Lab-2: Rabin-Karp Substring Matching
Due: 3/16
In text document processing, it is sometimes the case that we need to find out whether a (smaller) string appears somewhere in another (larger) string as a substring. For example, the UNIX utility grep allows you to search for one or more patterns in a file.
In this lab, you will write a program called rkgrep to find whether one (or more) patterns appears in a file. The goal of this lab is to help you improve your C programming skills e.g. manipulating arrays, pointers, number and character representation, bit operations etc.
Obtaining the lab code
Make sure that your git repo is set up appropriately:
If your repo is set up correctly, when you type git remote -v, you should see this:
$ git remote -v origin git@github.com:nyu-cso18/labs-YourGithubUsername.git (fetch) origin git@github.com:nyu-cso18/labs-YourGithubUsername.git (push) upstream https://github.com/nyu-cso18/cso18-labs.git (fetch) upstream https://github.com/nyu-cso18/cso18-labs.git (push)

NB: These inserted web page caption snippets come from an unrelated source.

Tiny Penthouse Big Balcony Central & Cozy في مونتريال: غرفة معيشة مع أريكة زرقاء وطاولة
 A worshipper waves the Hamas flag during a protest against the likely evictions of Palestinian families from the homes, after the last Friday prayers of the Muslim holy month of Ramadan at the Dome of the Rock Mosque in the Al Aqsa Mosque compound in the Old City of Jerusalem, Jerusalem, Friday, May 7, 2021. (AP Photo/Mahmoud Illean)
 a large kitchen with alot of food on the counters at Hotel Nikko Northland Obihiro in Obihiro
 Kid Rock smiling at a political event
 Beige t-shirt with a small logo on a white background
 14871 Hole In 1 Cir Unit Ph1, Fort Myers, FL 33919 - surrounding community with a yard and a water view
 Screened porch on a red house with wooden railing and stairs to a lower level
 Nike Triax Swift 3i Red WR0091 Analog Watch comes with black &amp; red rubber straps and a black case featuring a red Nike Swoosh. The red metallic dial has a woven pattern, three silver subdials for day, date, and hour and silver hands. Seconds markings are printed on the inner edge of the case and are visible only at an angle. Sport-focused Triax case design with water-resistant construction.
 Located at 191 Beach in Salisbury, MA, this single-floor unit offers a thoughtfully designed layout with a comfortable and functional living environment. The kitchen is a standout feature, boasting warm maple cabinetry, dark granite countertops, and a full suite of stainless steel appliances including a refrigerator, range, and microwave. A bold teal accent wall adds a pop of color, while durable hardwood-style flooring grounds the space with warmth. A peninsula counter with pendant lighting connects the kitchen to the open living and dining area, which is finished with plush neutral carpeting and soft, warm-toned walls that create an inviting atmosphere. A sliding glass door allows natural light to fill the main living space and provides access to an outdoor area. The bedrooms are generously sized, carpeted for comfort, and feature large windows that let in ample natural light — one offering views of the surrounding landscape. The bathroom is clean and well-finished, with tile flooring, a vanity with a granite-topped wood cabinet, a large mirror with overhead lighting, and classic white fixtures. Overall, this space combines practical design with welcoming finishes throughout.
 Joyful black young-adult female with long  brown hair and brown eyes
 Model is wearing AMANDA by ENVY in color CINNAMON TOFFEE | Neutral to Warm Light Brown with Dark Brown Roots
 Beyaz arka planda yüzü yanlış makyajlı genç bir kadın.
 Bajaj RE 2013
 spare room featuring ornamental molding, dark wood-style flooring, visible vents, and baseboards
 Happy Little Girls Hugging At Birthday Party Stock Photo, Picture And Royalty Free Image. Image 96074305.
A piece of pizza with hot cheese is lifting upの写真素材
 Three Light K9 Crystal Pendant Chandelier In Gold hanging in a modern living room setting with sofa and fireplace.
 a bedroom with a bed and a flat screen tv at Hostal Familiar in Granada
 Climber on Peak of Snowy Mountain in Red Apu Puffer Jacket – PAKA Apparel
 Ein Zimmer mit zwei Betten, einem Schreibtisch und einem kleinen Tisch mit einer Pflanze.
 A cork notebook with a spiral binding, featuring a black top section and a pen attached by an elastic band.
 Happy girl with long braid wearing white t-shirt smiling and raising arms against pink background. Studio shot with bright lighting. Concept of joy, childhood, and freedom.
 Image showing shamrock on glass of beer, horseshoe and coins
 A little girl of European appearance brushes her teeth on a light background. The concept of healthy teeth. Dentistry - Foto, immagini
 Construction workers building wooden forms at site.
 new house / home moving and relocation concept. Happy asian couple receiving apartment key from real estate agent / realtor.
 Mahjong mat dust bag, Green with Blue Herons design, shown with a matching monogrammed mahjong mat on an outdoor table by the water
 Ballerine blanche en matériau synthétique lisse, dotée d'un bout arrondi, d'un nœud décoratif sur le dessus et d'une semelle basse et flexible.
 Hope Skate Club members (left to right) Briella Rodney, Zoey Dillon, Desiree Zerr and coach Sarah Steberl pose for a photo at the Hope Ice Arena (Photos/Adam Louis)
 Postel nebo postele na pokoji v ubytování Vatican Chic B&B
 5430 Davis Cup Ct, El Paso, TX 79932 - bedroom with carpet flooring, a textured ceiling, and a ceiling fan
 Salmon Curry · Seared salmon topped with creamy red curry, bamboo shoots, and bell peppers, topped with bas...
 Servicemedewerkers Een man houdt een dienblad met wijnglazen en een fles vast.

If you don't see the 2 lines starting with "upstream", type:
git remote add upstream https://github.com/nyu-cso18/cso18-labs.gitIf you still encounter problem, post your issue on Piazza. Do not follow arbitary instructions on the web.
Once you check that the repo is set up correctly, do a git pull upstream master in your repo. This lab's files are located in the rklab/ subdirectory. The files you will be modifying are rkgrep.c and bloom.c.
Part I: Naive matching
The most naive way of doing substring matching is to individually check whether a pattern string P matches the substring of length m at position 0, 1, 2, ..., n-m in the document string Y. Here, m is the length of the pattern string P and n is the length of document string Y. In other words, we are going to check whether P is the same as Y[0..m-1], Y[1..m], ..., Y[n-m...n-1], where Y[0..m-1] is the substring of length m starting at position 0 of Y, Y[1..m] is the substring at position 1, and so on.
As an example, suppose the pattern string is "dab", the document string is "abracadabra", then you would check whether "ada" is the same as the substring at position 0 ("abr"), at position 1 ("bra"), ... until you find a match at position 6.
This naive algorithm is slow. If the pattern string is of length m, each check takes O(m) time in the worst case. Since there are total n checks, the naive algorithm takes O(m*n) to perform the substring match. Nevetheless, naive matching is extremely simple and so let's get started on that.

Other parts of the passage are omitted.